Healing from childhood trauma is the ultimate way to find and reclaim your voice and your identity.
I Don’t Want This to Hold Me Back Anymore
Throughout your life, the hurt you feel may have prevented you from being able to pursue your true desires or even prevented you from knowing what those desires are. You may feel like you’ve been living on the sidelines, watching others accomplish their dreams and reach milestones.
Sexual abuse doesn’t have to keep you from achieving your dreams and goals in relationships, education, or your career. Healing from childhood trauma can help you move past the roadblocks standing between you and each of your goals.
Breaking Free From Isolation
A healthy relationship with a romantic partner is probably on your list. You want to heal from your pain, so your children or future children won’t have to go through what you have.
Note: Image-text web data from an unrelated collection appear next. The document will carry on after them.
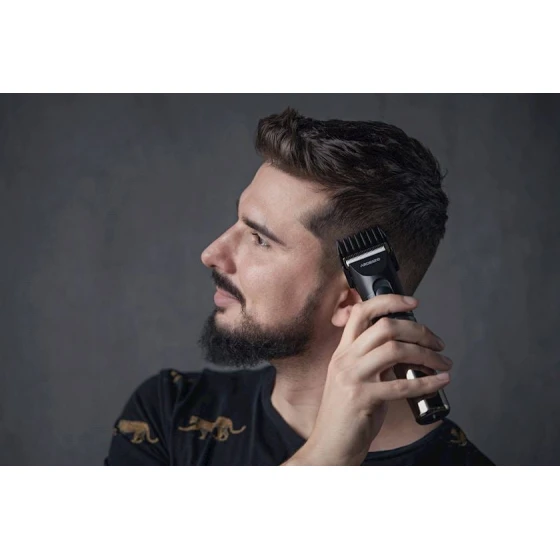Машинка для стрижки волос Ardesto HC-Y40-DBS Машинка для стрижки волос Ardesto HC-Y40-DBS
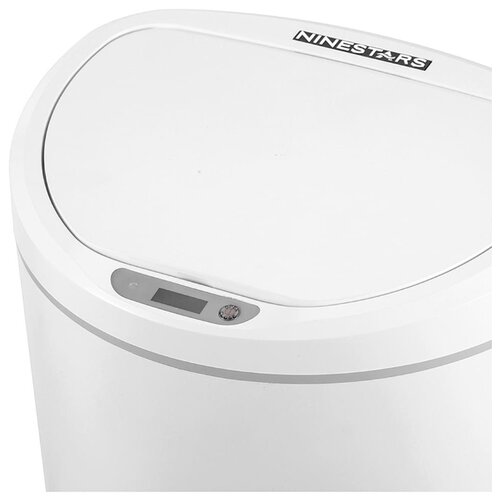 Ведро Xiaomi Ninestars Sensor Trash Can, 10 л - фото 2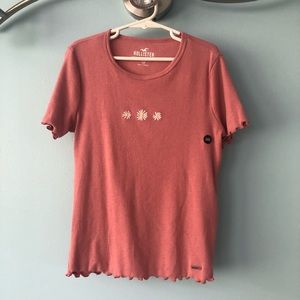 🔴 5/$25 ~ Hollister Top
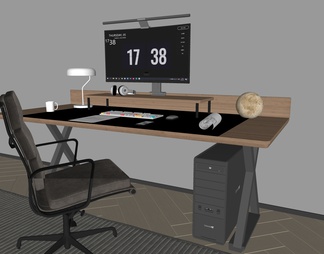 书桌，办公桌，电脑桌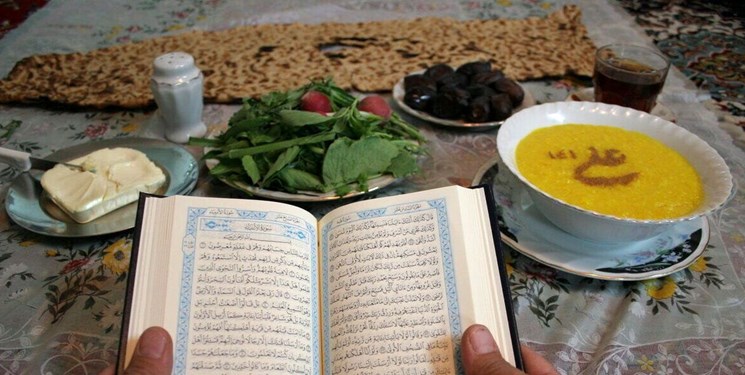 دلیل چاق شدن برخی در ماه مبارک رمضان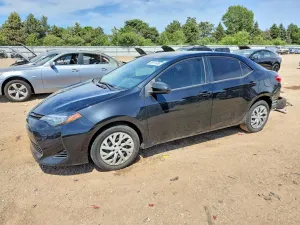 Toyota Corolla 1.8L 4 2019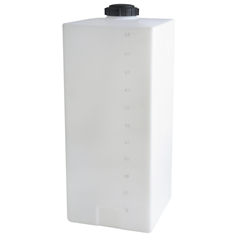 Tank 55gal Vertical NO Bulkhead 18x18x44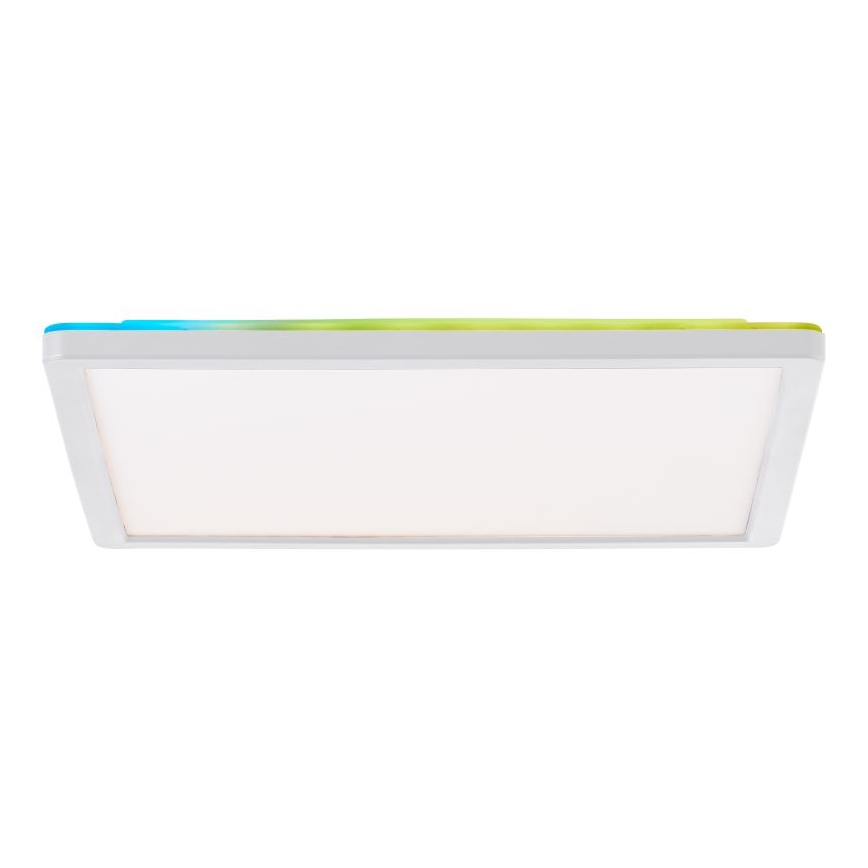 Brilliant - LED RGBW Stmívatelné stropní svítidlo SALTERY LED/20W/230V 3000-6500K + dálkové ovládání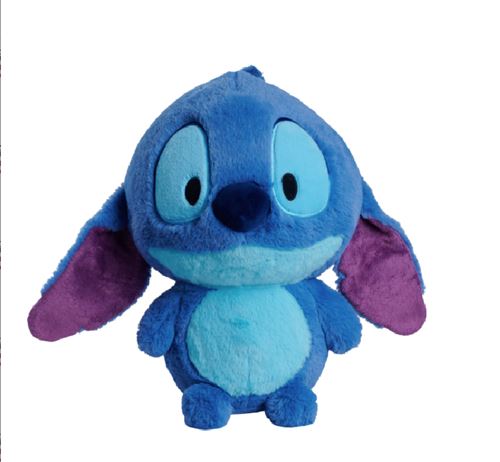 Peluche Nicotoy Disney Huggables Stitch 35 cm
But relationships are problematic, whether you are avoiding being in a relationship, or have a partner who doesn’t understand what you’ve been through.
While healing your trauma, your relationship fears will begin to fade away. You’ll learn how to find and develop an authentic bond and share your needs with your partner so they can support you.
It’s Time to Face This Together
Feeling your pain may seem too overwhelming, but avoiding it will make the pain deepen and resurface in your life more over time. Working your way through the hurt will eventually bring freedom and transformation. After you experience the process of healing your childhood trauma, you will live the rest of your life without your sexual abuse holding you back.
If you’re ready to take the next step in your trauma healing journey, I will help you understand what you are experiencing, your reactions, how the brain and the body process trauma, and how to be kind to yourself as you heal.
I believe you have the strength and the power within you to heal, build the life you desire, and accomplish your goals.